The government may be trapped. Its main tool for soothing discontent comes in subsidies for commodities and services, but this year’s budget deficit is projected to be a record of about $3 billion. So the government has responded by raising prices: 25 percent for high-octane gasoline, increases on other fuels, and higher electricity prices for businesses such as banks and hotels. Some corporate tax rates are also expected to go up.
Jafar Hassan, minister of planning and international cooperation, warned in an interview this week that the country must act soon to confront its economic problems. “We are going through challenging times that need comprehensive economic strategies and solutions in the short term but also in the long term,” he said.
Despite the discontent, most protests in Jordan remain small and scattered, signaling a weak and divided opposition. Occasionally, more severe expressions of dissent emerge, including scathing columns or cartoons, self-immolations, or chants that attack high-level corruption, a long-running grievance among many Jordanians.
“People feel they are not responsible for the current state of affairs,” said Mr. Kamhawi, the political analyst. “They are asking for serious steps to be taken to retrieve public money that was stolen by corrupt people, and they don’t feel obliged to pay for the mistakes of the government.”
A day after the government announced the price increases, a relatively unknown group, Ask for Your Rights, organized a rally in the capital.

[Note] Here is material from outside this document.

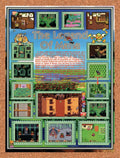 1993 Secret Of Mana Japanese Release Original Ad v4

Only a dozen or so people showed up.
That evening, in the northern city of Irbid, a rally attracted nearly 100 people who held signs denouncing the rising cost of living.
Unlike these small protests, labor strikes have been better organized and more effective. Since the Arab revolutions swept the region and an amendment to a Public Gathering Law eased restrictions on the organization of rallies and protests, teachers, laborers, engineers, journalists and doctors have demanded better working conditions and health benefits. Teachers in Jordan held the largest, most persistent and successful labor strike in recent history and succeeded in raising pay and improving working conditions.
“Unlike political protests and parties that lack unity or a voice that represents Jordanians, the labor strikes have focused on demands that improve their livelihoods,” said Bassam Haddadin, a member of Parliament. “They come with a list of specific demands and they have largely succeeded.”
This all comes amid the musical chairs of governments over the past year and a half. King Abdullah II appointed a new government nearly a month ago, led by Fayez Tarawneh, a former prime minister and royal court chief during the late 1990s.
The king asked Mr. Tarawneh, 64, to form a government to pave the way for parliamentary elections before year-end.
His predecessor was Awn Khasawneh, 62, an International Court of Justice judge who formed his cabinet last October to become the third prime minister of the year 2011.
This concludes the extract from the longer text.